Activity ▸ Write out the whole listing below exactly, skipping each picture.

Information shown ▸
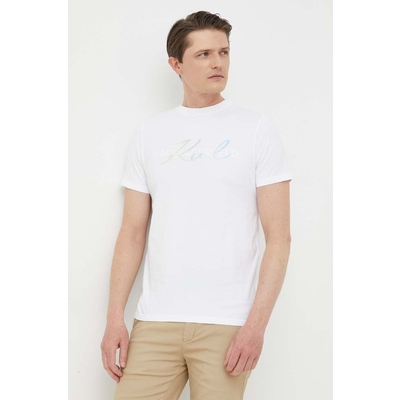 Karl Lagerfeld tricou din bumbac culoarea alb, cu imprimeu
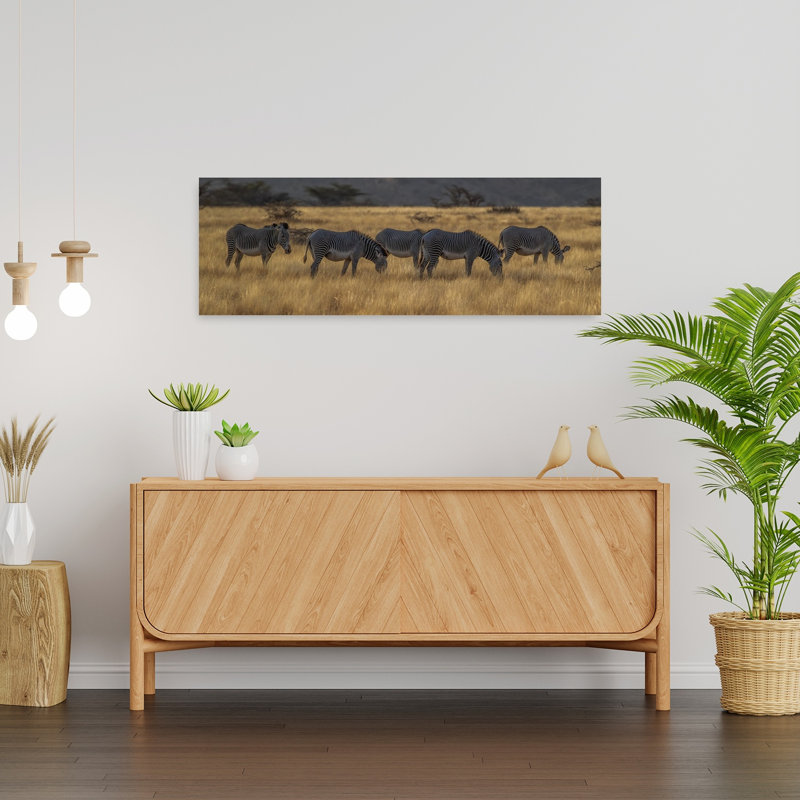 «Grazing Grevy Zebras Contemporary Zebra Landscape Nature», art mural, H 12 po x l 36 po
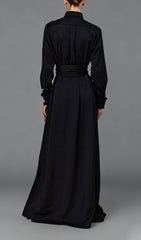 Ioannis Commander Black Belted Maxi Shirtdress with Gold Hardware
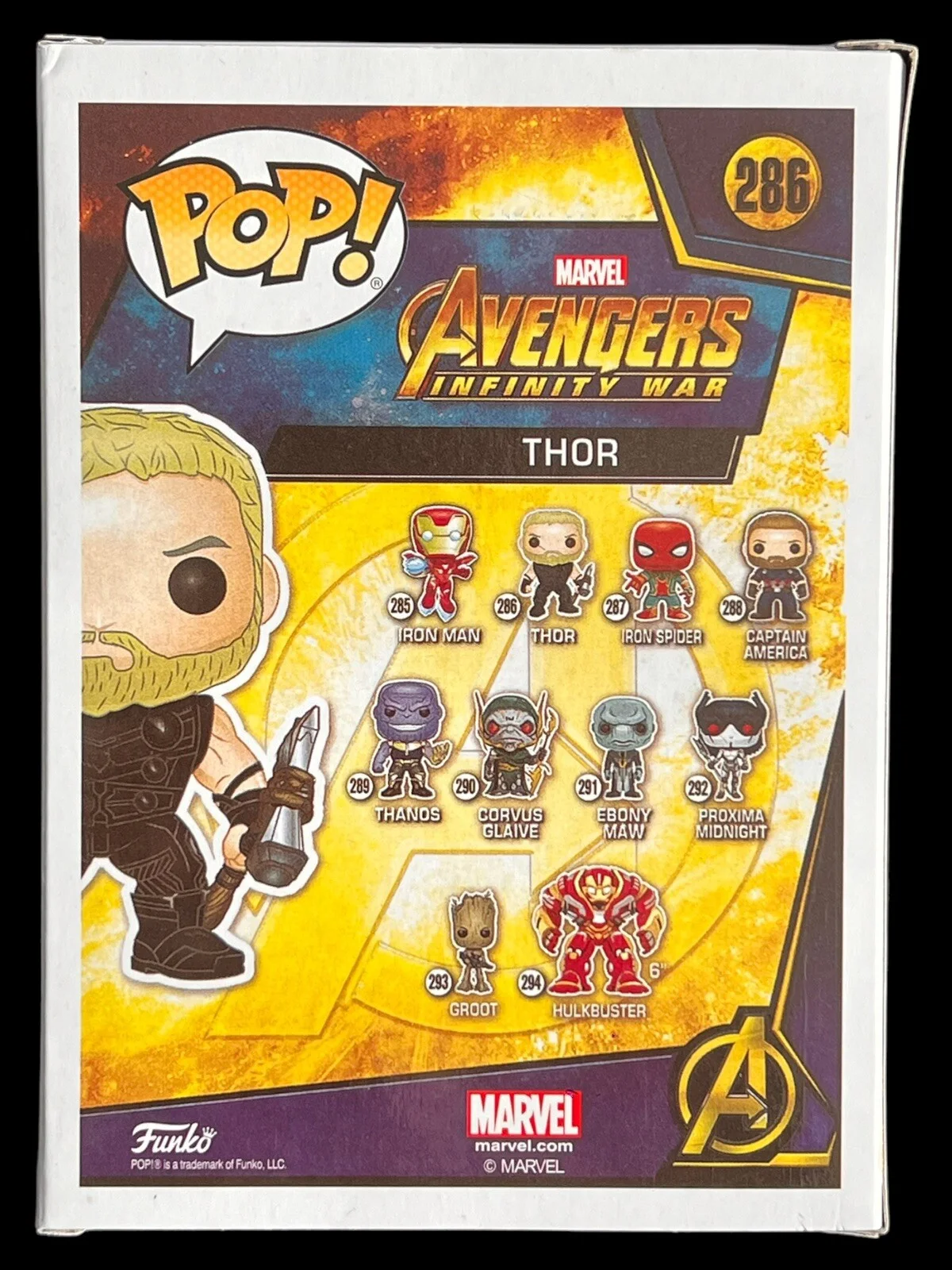 Chris Hemsworth — CHRIS HEMSWORTH SIGNED AVENGERS INFINITY WAR THOR 286 FUNKO POP BECKETT BN03358, изображение 5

Response for this exercise ▸
 Karl Lagerfeld tricou din bumbac culoarea alb, cu imprimeu
 «Grazing Grevy Zebras Contemporary Zebra Landscape Nature», art mural, H 12 po x l 36 po
 Ioannis Commander Black Belted Maxi Shirtdress with Gold Hardware
 Chris Hemsworth — CHRIS HEMSWORTH SIGNED AVENGERS INFINITY WAR THOR 286 FUNKO POP BECKETT BN03358, изображение 5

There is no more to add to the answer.